En Sıcak Konular

DERSİM'DE SOYKIRIM OLMADI BAŞKALDIRI BASTIRILDI

25 Kasım 2009 17:29 tsi
DERSİM'DE SOYKIRIM OLMADI BAŞKALDIRI BASTIRILDI 21 Mart 1937 gecesi başlayan ayaklanma tam bir buçuk yıl sürdü. İsmet İnönü'nün başbakanlığında başladı; Celal Bayar'ın başbakanlığında bitti.

Harekat başlıyor

Mayıs'ta başlayan hava harekâtının sorumluluğu Atatürk'ün manevi kızı, ilk kadın pilot Sabiha Gökçen'e verilmişti. İngiliz Büyükelçisi'nin raporunda Gökçen'den şöyle söz ediliyordu: "Sabiha Gökçen'in asilerin bir kalesini başarıyla bombalaması, İstanbul basınında heyecan yarattı"
21 Mart gecesi başlayan ayaklanma, Dersim'in dağlık olan coğrafi yapısı nedeniyle bir türlü bastırılamıyordu. Bölgeye erişmek çok güçtü. General Abdullah Alpdoğan'ın yürüttüğü kara harekâtı, ayaklanmayı bastırmaya yetmemişti. Üstelik bundan moral bulan Seyit Rıza ve yandaşları, ayaklanmayı sürdürme niyetlerini ortaya koymuşlardı. Bu gelişmeler üzerine Genelkurmay'ın emriyle hava harekâtı yapılması kararlaştırıldı. 3 Mayıs 1937 günü Keçiseken Köyü'nün bombalanmasıyla askeri harekât başlamış oldu. Bombalamanın başlamış olması ayaklanmaya katılan bazı aşiret reislerini ürkütmüştü. Demenanlı Cebrail, Seyit Rıza'nın artık teslim olması gerektiğini düşünüyordu. Ancak Seyit Rıza, buna razı olmadı. Seyit Rıza, Munzır Suyu yakınlarında topladığı aşiret reislerini direnişe devam konusunda ikna etmeyi başardı.

Sabiha Gökçen, havadan

3 Mayıs'ta başlayan hava harekâtının sorumluluğu Atatürk'ün manevi kızı Sabiha Gökçen'e verilmişti. Böylece ilk kadın pilot Sabiha Gökçen 1. Tayyare Alayı ikinci Bölüğü'nde Dersim harekâtına katıldı. Gökçen, harekât sırasında, Tunceli Valisi ve Komutanı General Abdullah Alpdoğan'ın evinde kaldı. İngiliz Büyükelçisi Loraine'in 3 Temmuz'da Londra'ya geçtiği raporda Sabiha Gökçen'den şöyle söz ediliyordu: "Sabiha Gökçen'in asilerin bir kalesini başarıyla bombalaması İstanbul basınında heyecan yarattı." Uçaklardan sadece bomba yağmıyor, bildiriler de atılıyordu. 4 Mayıs 1937 tarihini taşıyan bildirilerde şu ifadeler yer alıyordu: "Sizi ayaklandırmaya çalışan zavallıları Cumhuriyet hükümetine teslim ediniz veyahut onlar kendileri teslim olmalılar. Bu takdirde cümleniz masum kalacaksınız. Teslim edilenler veya kendiliğinden teslim olanlar dahi Cumhuriyetin adil muamelesinden başka hiçbir şey görmeyeceklerdir. Aksi takdirde, yani dediklerimizi yapmazsanız, her tarafınızı sarmış bulunuyoruz. Cumhuriyetin kahredici orduları tarafından mahvedileceksiniz." Sabiha Gökçen'li hava harekâtı, ayaklanan aşiretleri büyük bozguna uğratmıştı. Ancak ayaklanmanın elebaşı Seyit Rıza hala yakalanamamıştı.

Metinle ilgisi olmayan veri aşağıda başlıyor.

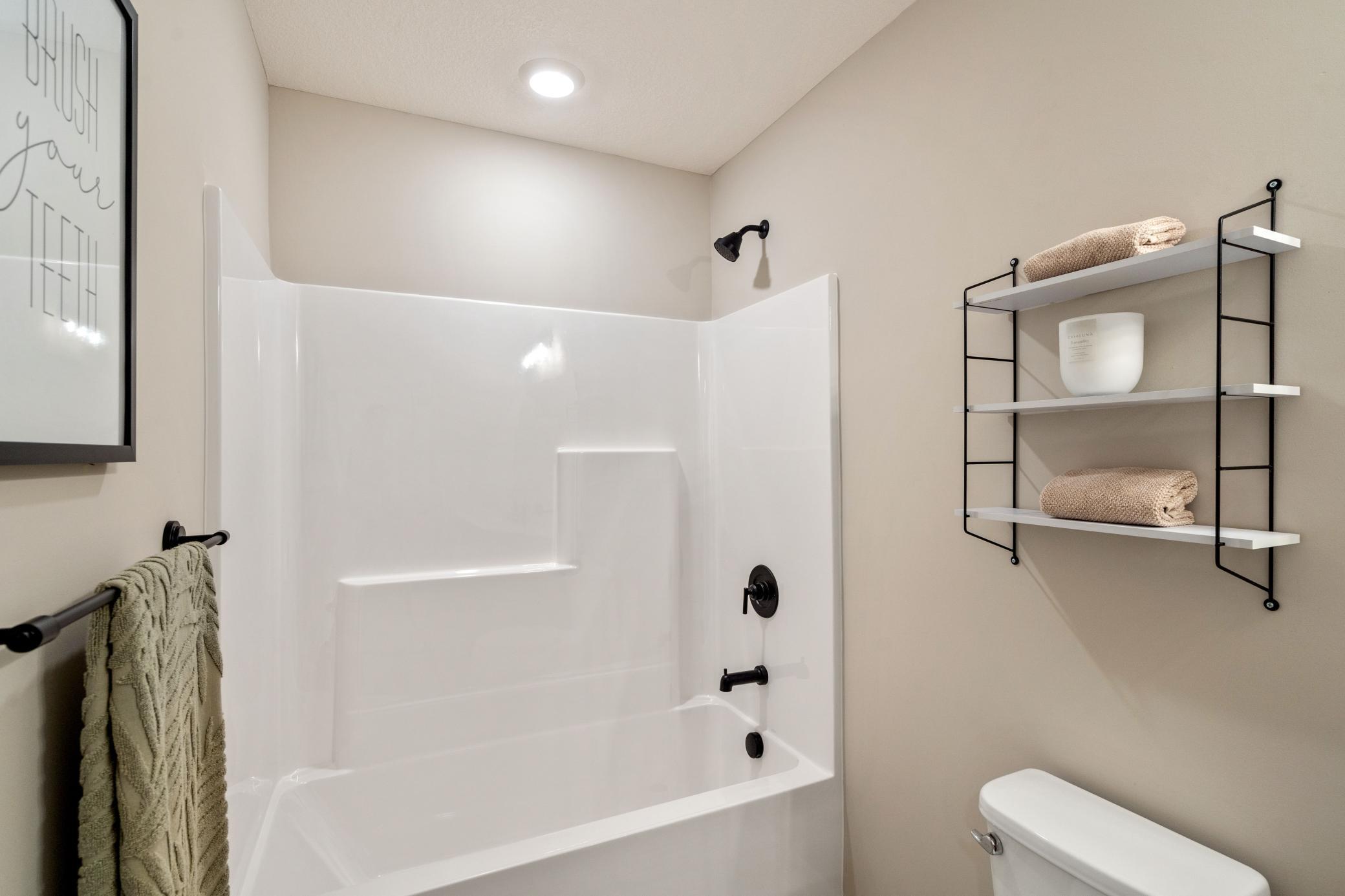 13627 Pine Drive Property Photo 60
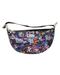 Tokidoki-Midnight Metropolis Short Strap 單肩包 - Fin Shop Taiwan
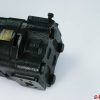 Hydraulika - Typ: SALAMI 3HP38D-S5553  613570672 X0377 Baumann 104515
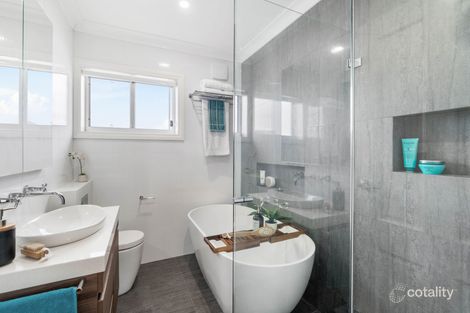 Property photo of 6/129 Boundary Street Clovelly NSW 2031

Seyit Rıza, yardım istiyor

Askeri kuvvetler bölgede Seyit Rıza'yı ararken, Seyit Rıza da o tarihlerde İngilizlerden yardım arayışı içindeydi. İngiliz Dışişleri Bakanlığı'na bir mektup yazan Seyit Rıza, İngiliz hükümetinden beklediği desteği bulamayacaktı. Çünkü İngiliz Dışişleri Bakanlığı mektubu dikkate almadığını bildirecekti. Diğer aşiret reisleri bir bir yakalanıyordu. Roznaklı Kamer, Demenanlı Cebrail, Yusufhanlı Ağdatlı Kamer ve Kureyşanlı Hasso Seydo da sağ olarak yakalanıp mahkemeye sevk edilen aşiret liderleriydi. İsyan bölgesindeki çember de daralıyordu. Nihayetinde Seyit Rıza da ayaklanmanın başladığı tarihten yaklaşık 6 ay sonra 12 Eylül (bazı kaynaklara göre 5 Eylül, bazı kaynaklara göreyse 10 Eylül) günü tutuklandı.

Oto farında mahkeme

Sonradan Dışişleri Bakanlığı da yapacak olan İhsan Sabri Çağlayangil'in "Anılarım" adlı kitabında Seyit Rıza'nın idamına ilişkin ilginç ayrıntılar bulunuyor. Çağlayangil, mahkemenin sona erdiği tarihlerde Atatürk'ün Singeç köprüsünü açmak üzere bölgeye geleceğini duyan bölge halkının Seyit Rıza'nın affedilmesi için Elazığ'da bir hazırlık yaptığını ifade ediyor. Emniyet Genel Müdürü Şükrü Sökmensüer ise bu kişilerin Atatürk'ün karşısına çıkarılmamasını istiyor. "Çıksalar bile iş işten geçmiş olmalı" diyor. Yani Atatürk bölgeye ulaştığında Seyit Rıza meselesinin kapanmış olması isteniyor. Bunun üzerine Elazığ'a giden Çağlayangil, bu talebi emniyet müdürü ve savcıya iletiyor. Ancak savcı, "Kural dışı bir iş yapamam" cevabını veriyor. Savcı Cumartesi gününün tatil olduğunu, bu nedenle mahkeme kurulamayacağını anlatıyor. Buna rağmen aynı talep hakime de iletiliyor. Fakat hakim de cumartesi mahkeme kurulamayacağını söyleyerek diretiyor. Hakim "Mahkemeyi ancak pazartesi kurar, idamları da Salı günü infaz ederiz" diyor. Ancak bahsi geçen gün, Atatürk'ün bölgeye geleceğini bilen Çağlayangil, hakime Pazar akşamı sahurdan sonra mahkemeyi açmayı teklif ediyor. Bu talep kabul görüyor ama bu sefer de o saatte elektriklerin olmaması sorun yaratıyor. Çağlayangil ise "Otomobil farlarıyla hapishaneyi aydınlatırız, halkevine de lüksler koyarız" diyerek hakimi ikna ediyor. Ve nihayetinde, otomobil farlarının ışığında sabaha karşı kararlar açıklanıyor.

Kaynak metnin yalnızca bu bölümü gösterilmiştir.